#### [WORK REQUIRED]
The answer should be an exact repeat of the stretch of material below from the line containing "Creamy hot chocolate in a mug." through the line containing "Eco-friendly tote bag".

#### [DATA TO EXAMINE]
[Start of Attachment]
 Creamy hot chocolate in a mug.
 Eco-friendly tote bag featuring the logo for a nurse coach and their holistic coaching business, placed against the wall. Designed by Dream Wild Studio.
[End of Attachment]
[Start of Attachment]
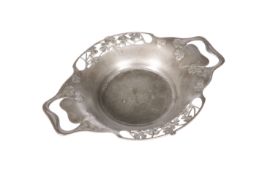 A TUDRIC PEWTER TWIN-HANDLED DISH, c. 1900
[End of Attachment]
[Start of Attachment]
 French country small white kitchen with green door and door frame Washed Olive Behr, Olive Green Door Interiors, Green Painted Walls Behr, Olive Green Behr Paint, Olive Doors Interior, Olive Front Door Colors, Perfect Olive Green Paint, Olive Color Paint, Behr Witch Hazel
[End of Attachment]
#### [RESPONSE]
 Creamy hot chocolate in a mug.
 Eco-friendly tote bag featuring the logo for a nurse coach and their holistic coaching business, placed against the wall. Designed by Dream Wild Studio.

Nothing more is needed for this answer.